Well, maybe besides that pottery class that time. I did love that. So then what then? Whatever Team Shana's really on, she has Alison to vouch for her now -- which should go well for her, considering the A-Tag is A setting a picture of Baby Shana on fire in the high school in the middle of the night. (Pulled from a copy of The Tempest, cutely enough, considering the actress's connection to that play.) Otherwise, what a satisfying night. Emily and Alison continue tearing up the screen with their oh-so-relatable and horrific relationship, Aria and Ezra have somehow become my favorite couple of all time, even Hanna's getting her groove back. Here's hoping whatever mental rockslide Spencer's gearing up for is relatively quick and painless for her.
Next Week: Hanna's taken up crime novels, which helps her Jewel Of The Nile herself into figuring out who's actually in homegirl's grave. Mona gets yelled at by Aria, which is fine because her alliance with Ezra is apparently going forward. Mikey's back and making new (karate?) friends, while Spencer gets back to work on the Diary to figure out Boardshorts's identity. Emily gets locked in a random place, looks like, and it seems also that A starts sending the Liars messages from inside Hanna's literal mouth.
Want more? The full recap starts right below!PREVIOUSLY
Caleb's gone to Ravenswood, Aria will flip Jake for Ezra heartily any day of the week, Spencer's determined to take Radley -- and possibly her father -- down, and A has Ali's Diary... and now, possibly, Alison herself. Why is she back and why can't she figure out who A is after all this time? Perhaps she should ask her vast array of parrot, psychic and Halloween Store informants... Or maybe she is just dicking with the Liars like she did back when she was alive, and then dead, and then alive again which is now.
EN ROUTE TO THE BB B&B
Aria: "Grab your butts and get in the car. We're following that faulty GPS that always tries to kill us to that B&B we told A about and now A is telling us about."
Liars: "But in the time it takes us to respond to that text from A, won't A have killed her?"

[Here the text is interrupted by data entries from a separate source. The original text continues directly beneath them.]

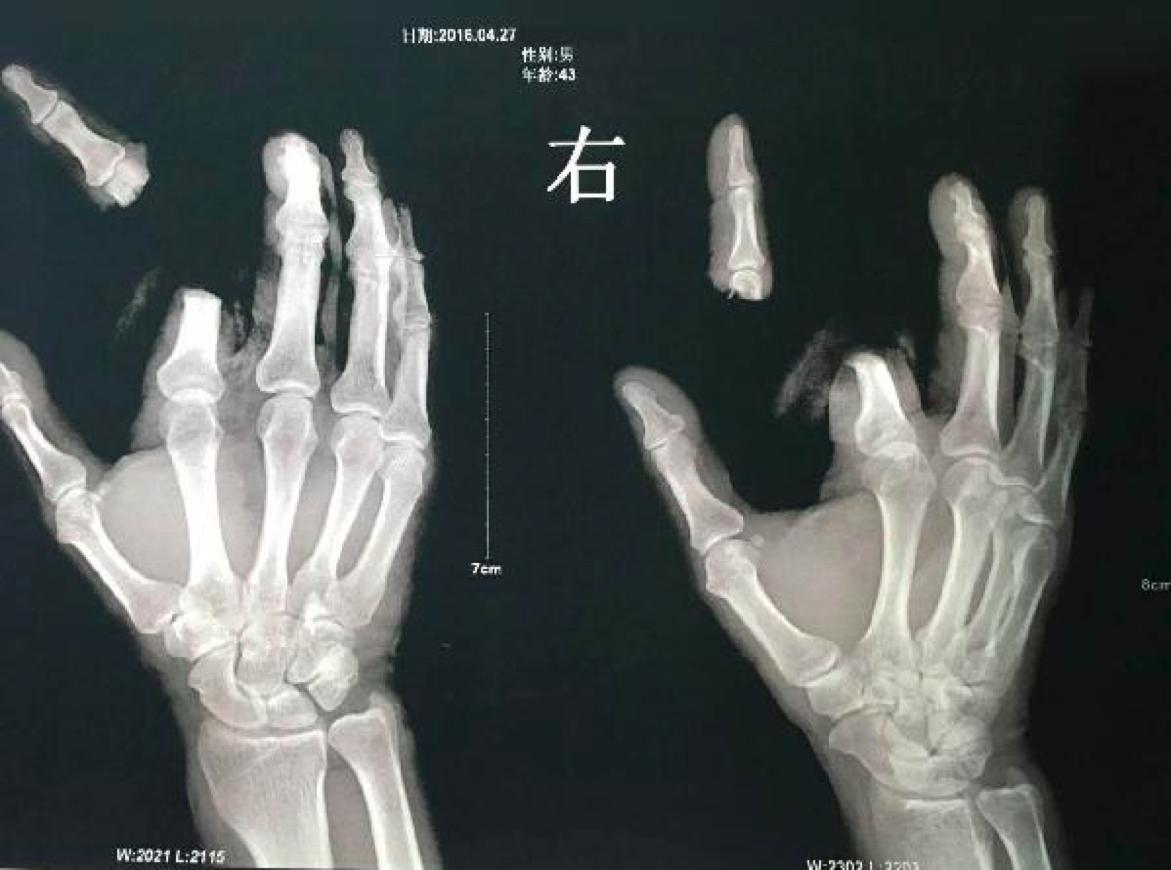 有剧毒的生物,动物界十大毒性杀手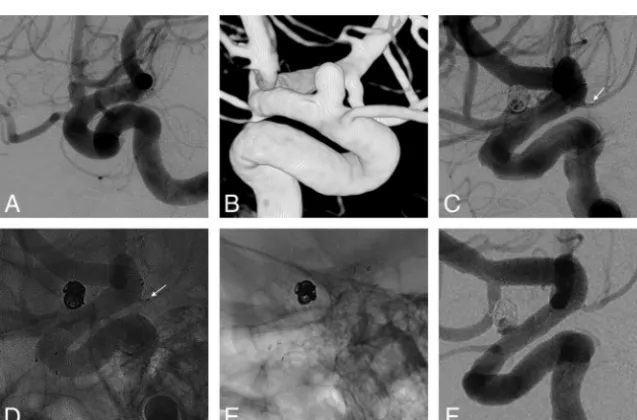 FIG 3. Aposterior communicating artery, as shown on postembolization angiography.ﬂow to the PcomA with malposition of the stent marker is patent on 5-year-follow-up cerebralangiography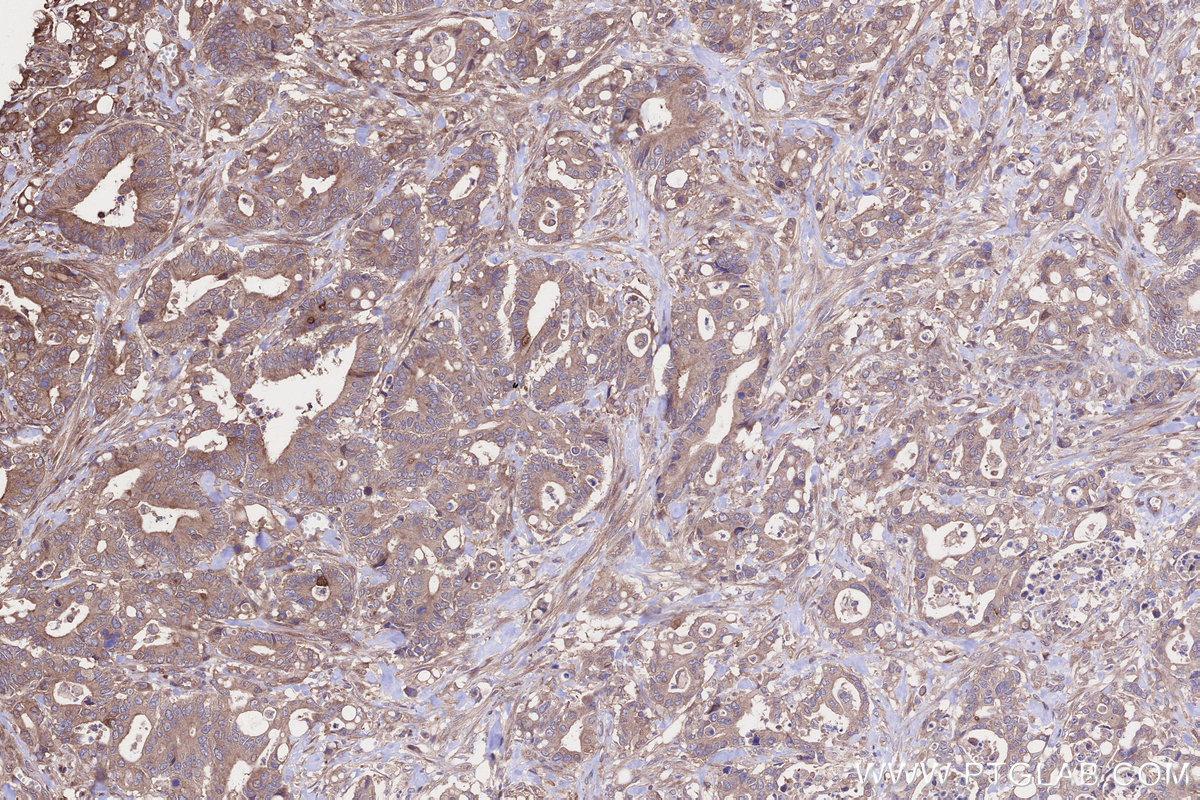 IHC staining of human rectal cancer using 12989-1-AP IHC staining of human rectal cancer using 12989-1-AP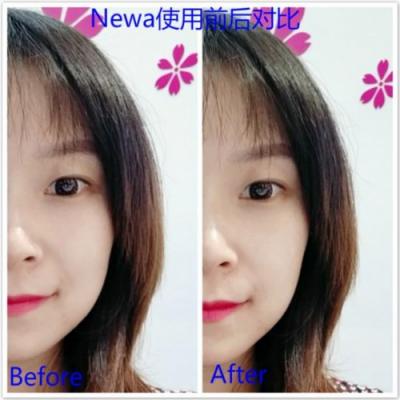 雅萌、GEVILAN歌嵐、Tripollar、NEWA美容儀到底選哪個(gè)？先評測一下再說
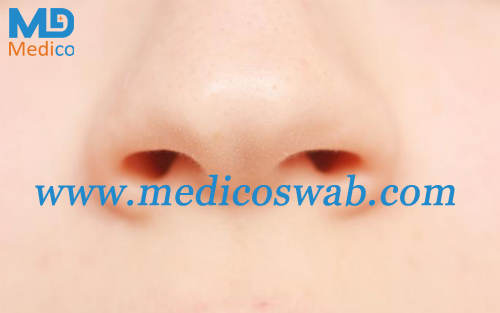 Nasal Swabs Could Help Diagnose Lung Cancer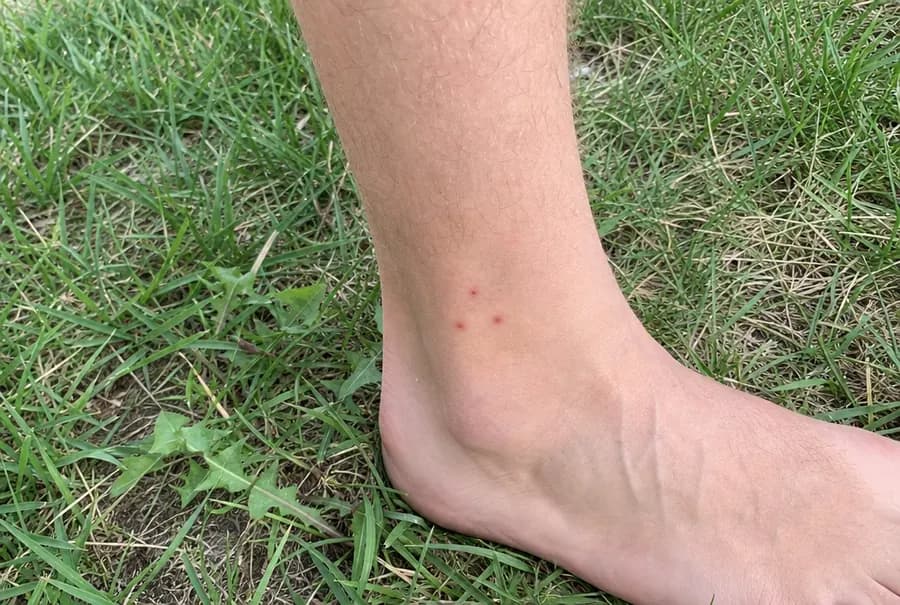 Three small red bite bumps in a cluster just above a person's ankle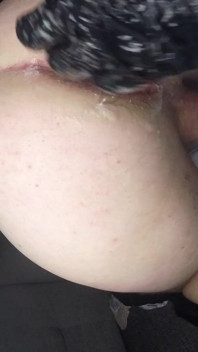 Duplo punho anal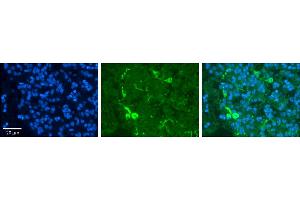 Rabbit Anti-PRDX2 Antibody     Formalin Fixed Paraffin Embedded Tissue: Human Pineal Tissue  Observed Staining: Cytoplasmic in cell bodies and processes of pinealocytes  Primary Antibody Concentration: 1:100  Other Working Concentrations: 1/600  Secondary Antibody: Donkey anti-Rabbit-Cy3  Secondary Antibody Concentration: 1:200  Magnification: 20X  Exposure Time: 0. (Peroxiredoxin 2 抗体  (Middle Region))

Aria: "Then why would A send us a text about it? That would be so creepy of A to do!"
Inside the room to which they've been led, the Liars find evidence of a brutal scene! Windows ajar and rattling, a door swinging on a hinge. Alison-type clothing tossed about with abandon. Messages scrawled creepily on doors, answering questions before they are asked.
Liars: "Maybe she fought A off and this was another fruitless journey."
A: "Or maybe you are too late! Hahaha!"
Liars: "I don't even get what's happening right now."
CHURCH
Emily: "Me? I'm just dropping off baked goods for a bake sale. You know how Pam is, always sending me to dark abandoned holy places."
Hanna: "I just wish I knew what the point of all that was."
Emily: "I'm more creeped out at this point by simple things. Like for some reason just thinking about Alison being in that motel room, not dead, and then possibly getting murdered. Or not being there at all, and it's just ghosts."
Hanna: "You think it was a setup."
Emily: "It definitely had A's flair for the dramatic. Hang on, I am being menaced by shadows. I'll call you back."
TOBY
Spencer: "Dad? How did you know I ran away to this studio apartment?"
Peter: "I didn't. I wasn't looking for you, come on. Who are you, Melissa? No, I'm looking for Toby in between changing my mind back and forth about Radley Sanitarium a million times. But instead, you can come home right the hell now."